Itu sudah. Lo tinggal suruh team pengacara lo cari bukti di KPUD, dokumen dukungan parpol-parpol Islam terhadap kandidat-kandidat non muslim di berbagai pilkada. Inilah bukti nyata bahwa omongan lo “…. Bapak Ibu dibohongi pakai Al Maidah 51” adalah FAKTA. Tidak ada satu pasal hukum pun yang melarang anak bangsa ini bicara FAKTA. Video “pakai ayat Quran” ala Habib Rizieq bisa jadi bukti pelengkap. Kasus pengislahan Ahmad Dhani oleh MUI bisa jadi semacam “bukti yurisprudensi”.
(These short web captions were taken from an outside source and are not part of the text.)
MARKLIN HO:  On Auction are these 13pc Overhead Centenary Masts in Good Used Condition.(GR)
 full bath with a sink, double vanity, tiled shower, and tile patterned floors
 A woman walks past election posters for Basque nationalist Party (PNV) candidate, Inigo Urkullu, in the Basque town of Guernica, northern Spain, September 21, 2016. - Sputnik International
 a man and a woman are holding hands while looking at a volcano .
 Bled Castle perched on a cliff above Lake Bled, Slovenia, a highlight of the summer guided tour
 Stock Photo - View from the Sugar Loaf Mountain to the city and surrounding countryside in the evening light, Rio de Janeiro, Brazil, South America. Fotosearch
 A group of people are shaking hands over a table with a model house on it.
Dan poin fatwa MUI bahwa elo telah menistakan ulama, adalah another bukti nyata kegegabahan MUI. Dalam pidato lo sama sekali tidak ada kata ulama. Bagaimana bisa MUI menafsirkan “orang” dalam pidato lo sebagai “ulama” tanpa meminta klarifikasi elo sama sekali?

Hok,
Kasus elo adalah ujian terbesar yang dihadapi oleh bangsa ini sejak reformasi 1998. Inilah ujian kenaikan kelas kita dalam berdemokrasi. Bahwa elo menjadi tokoh sentral dalam ujian ini, adalah takdir Allah SWT. Apa pun hasilnya, bangsa kita naik kelas atau gagal, nama lo akan tercatat dengan tinta tebal dalam sejarah bangsa ini.

Hok,
Lo jangan ge-er. Gw tidak sedang membela elo. Sesungguhnya gw sedang membela kebenaran, keadilan dan memperjuangkan kembalinya akal sehat ke republik ini. Dan kita sama-sama berjuang, agar NKRI tak dicaplok oleh sekelompok kecil umat yang bercita-cita mengganti dasar negara Pancasila. Gw punya kepentingan, elo punya kepentingan, mari kita saling memanfaatkan.

Hok,
Jika nanti elo berhasil lolos dari perkara pelik ini, bahkan jika elo berhasil memenangkan Pilkada DKI Jakarta, hanya satu pesan gw: JAGA MULUT LO. Ini gw ngomong pake toa, Hok. Please. Kalo perlu, lo gak usah ngomong. Soal ngomong, lo serahin aja sama Aa Djarot. Urusan lo kerja-kerja-kerja, beresin Jakarta. Buatlah ibukota menjadi sekeren Tokyo. Walaupun untuk itu, gw harus korbankan kepentingan gw sendiri: kebutuhan rutin gw menyaksikan segala celoteh gokil lo yang lebih parah dari Cak Lontong. It was so entertaining liat lo petantang-petenteng ngomong semacam “emangnya ini duit nenek lo”. Gw rela kehilangan itu semua Hok, rela……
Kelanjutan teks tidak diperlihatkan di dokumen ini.